The documents themselves are not secret; they are indexed, with a publicly accessible index available in the Leo XIII index room, and documents in the index (organized by the man who was Pope at the time) are freely available for research by scholars, until (as it appears) the end of the papacy ending about 80 years ago; currently this allows access to documents issued in or before 1939, during the papacy of Pope Pius XI. (One can always speculate, of course, that there are deliberately un-indexed works present in the Archives which are indeed secret, in that there's no way for the public to request them; but I'm aware of no evidence that such might reasonably be the case.)
Pope St. John Paul II described the work of those staffing the Archivio Segreto as being fundamentally a public work, part of the overall work of the Vatican Library:
Your work is not confined to your efforts to preserve the books and manuscripts, the Acts of the Supreme Pontiffs and of the Offices of the Roman Curia, and to handing them on down the centuries, but above all it aims to make available to the Holy See and all the world's scholars the treasures of culture and art kept in the Archives and the Library. For this very reason it is also your duty to carry out attentive and detailed studies of these treasures, often with the help of other experts, so that they can be published with scholarly precision.
It is easy to understand the interest and care taken by my venerable Predecessors, especially in recent centuries, to create, promote and oversee the Apostolic Library, and later, as a fully-fledged branch of it, the Papal Archives. I am thinking of Nicholas V, Sixtus IV, Sixtus V, Paul V and many other Pontiffs, down to Leo XIII, who decided to open the Archives to scholarly research, and Pius XI, who was himself personally involved in this noble field of interest as Prefect of the Apostolic Library.

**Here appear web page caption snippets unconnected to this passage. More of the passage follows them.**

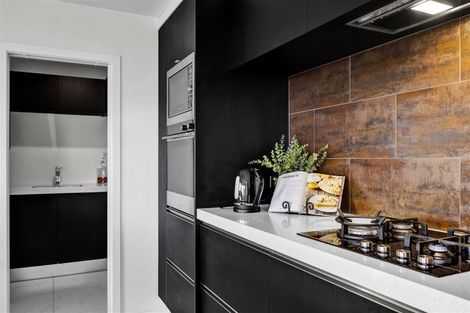 Photo of property in 4 Vardon Way, Waiwhakaiho, New Plymouth, 4312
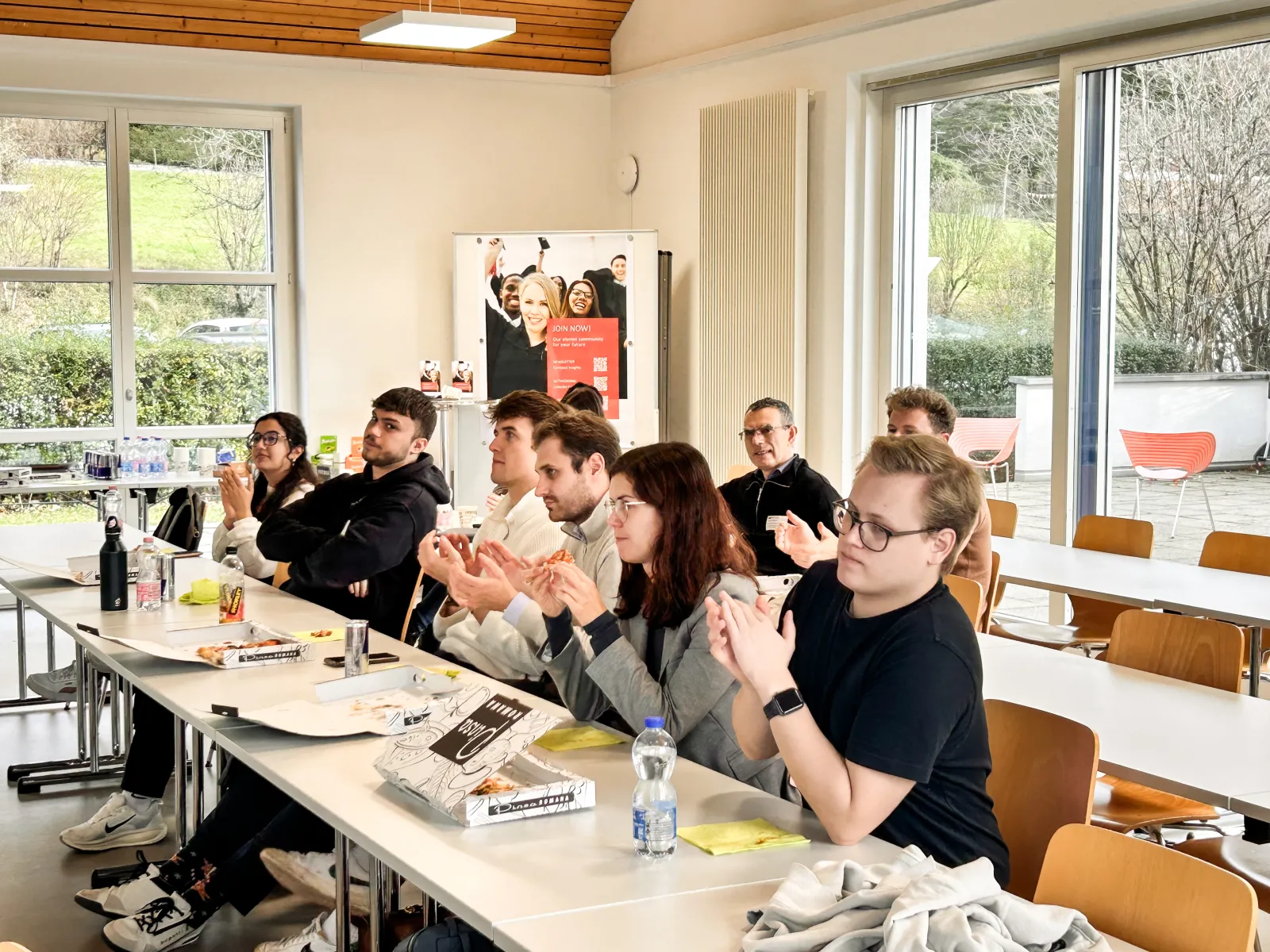 Masterstudierende und Team Wirtschaftsinformatik - Alumni-Talk Master Wirtschaftsinformatik 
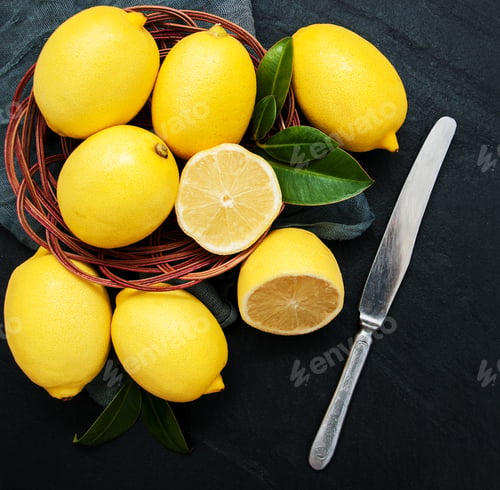 Preview: Fresh ripe lemons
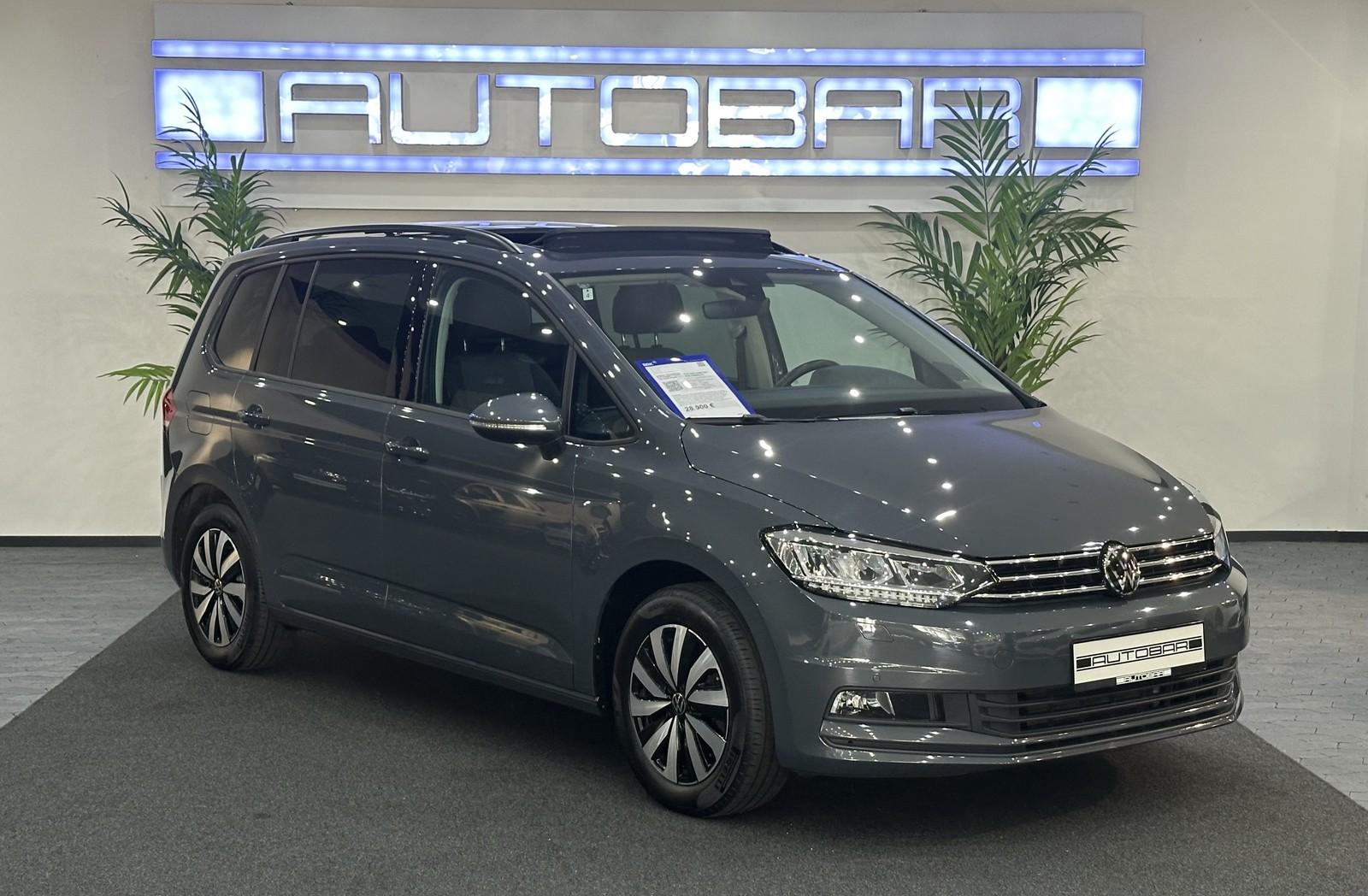 Volkswagen Touran DSG*7SITZER*PANO*ACC*AHK*AMBIENTE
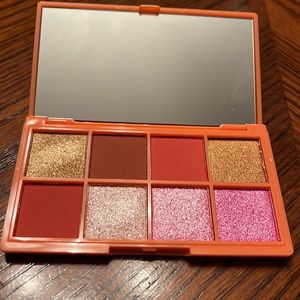 Peach Eyeshadow Palette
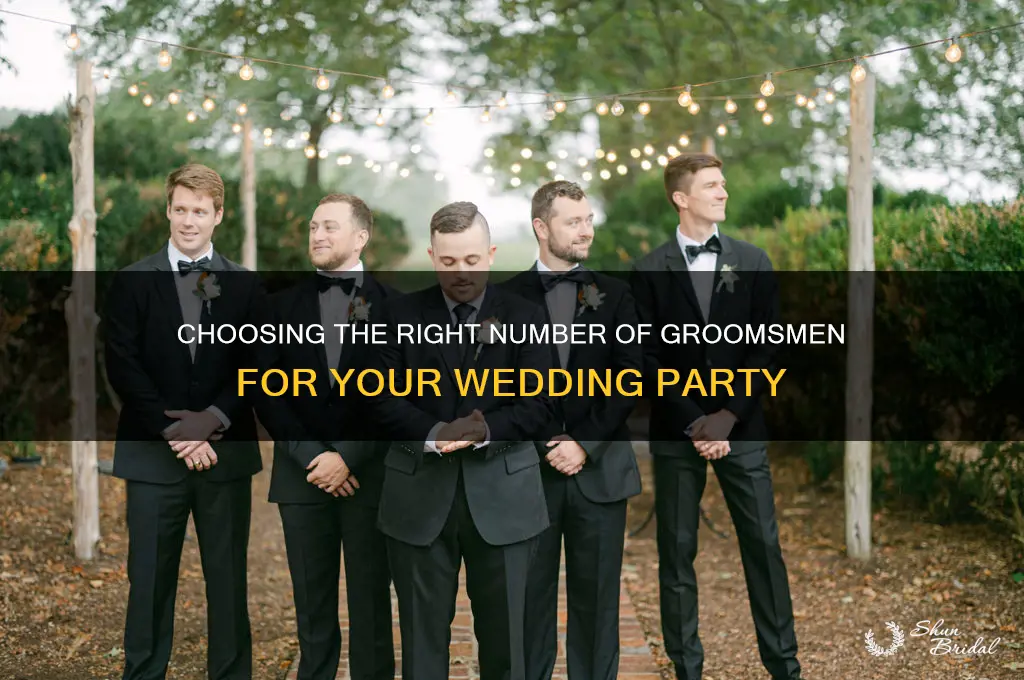 how many groomsmen at a standard wedding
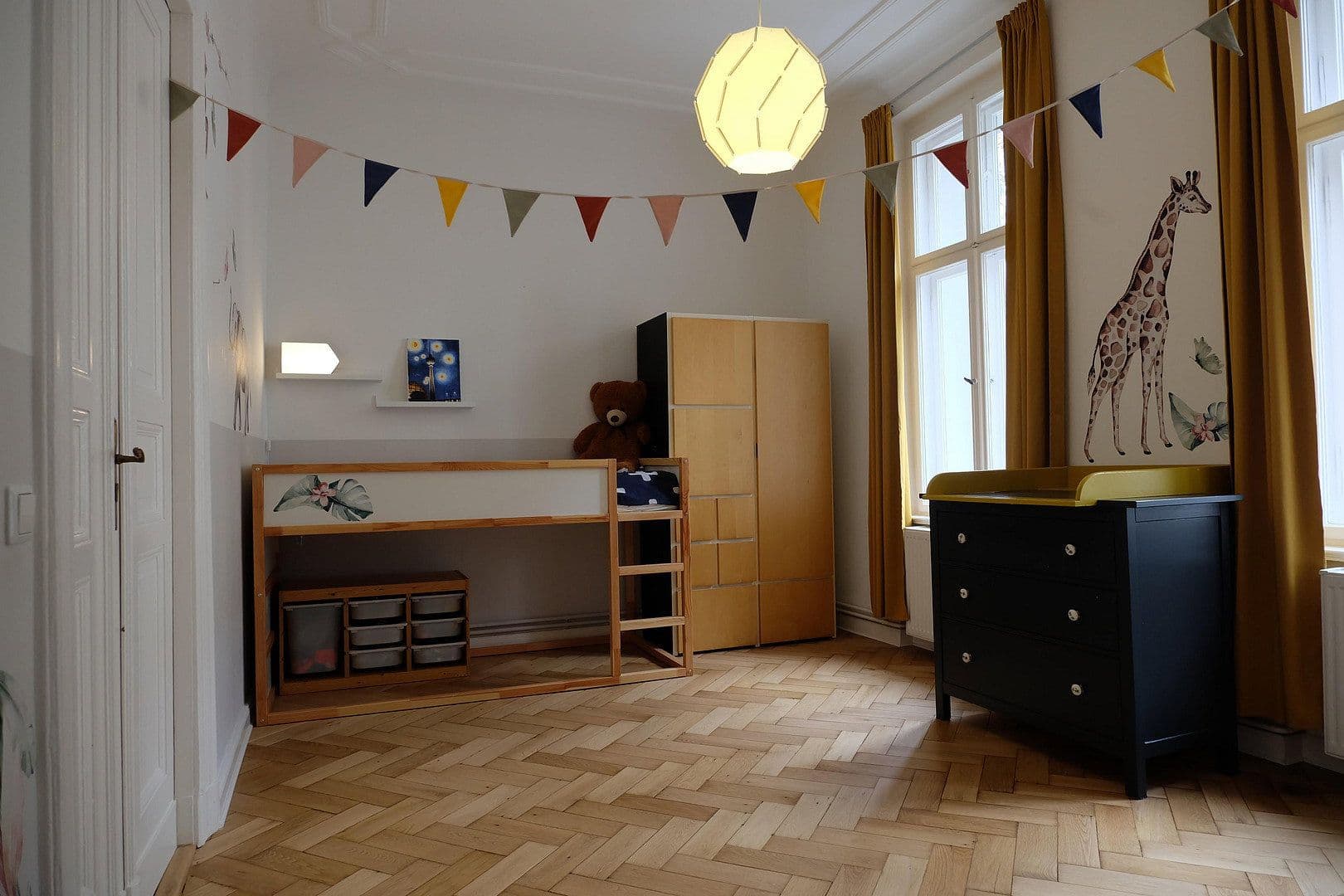 Prodej bytu 4+1 130 m², Berlin, Berlín Prodej bytu 4+1 130 m², Berlin, Berlín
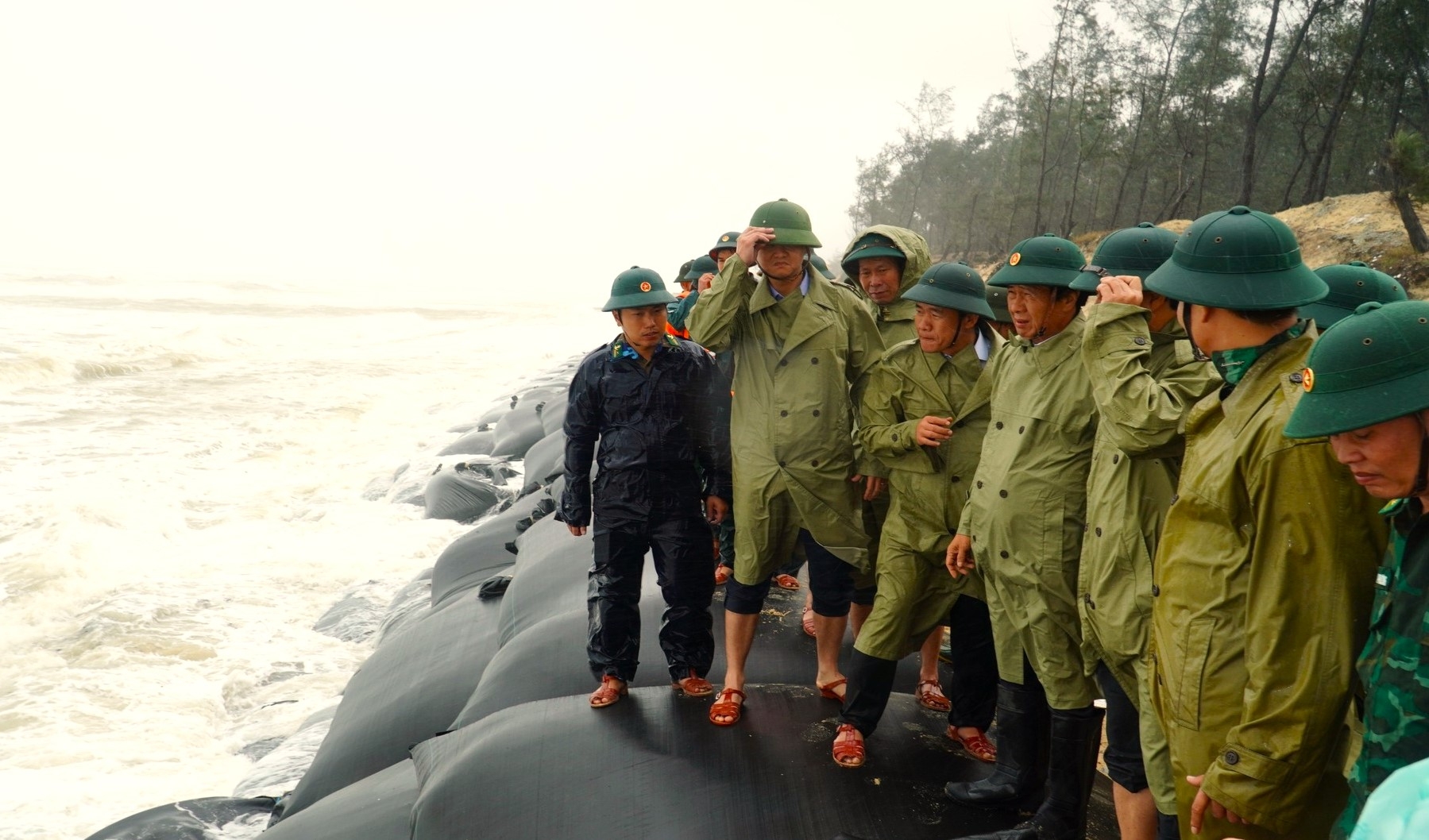 Phó Thủ tướng Lê Văn Thành thăm, tặng quà người dân ở vùng lũ tại Thừa Thiên Huế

There is no "secrecy", then, involved in the "secret archives" of the Vatican; all the documents are available from roughly before any living person's lifetime (and many since their lifetime; for example, all the Vatican's documents on the Second Vatican Council and on the Vatican's "Information Office on Prisoners of War" from World War II have been made public). The word "secret" is merely an unfortunate mistranslation.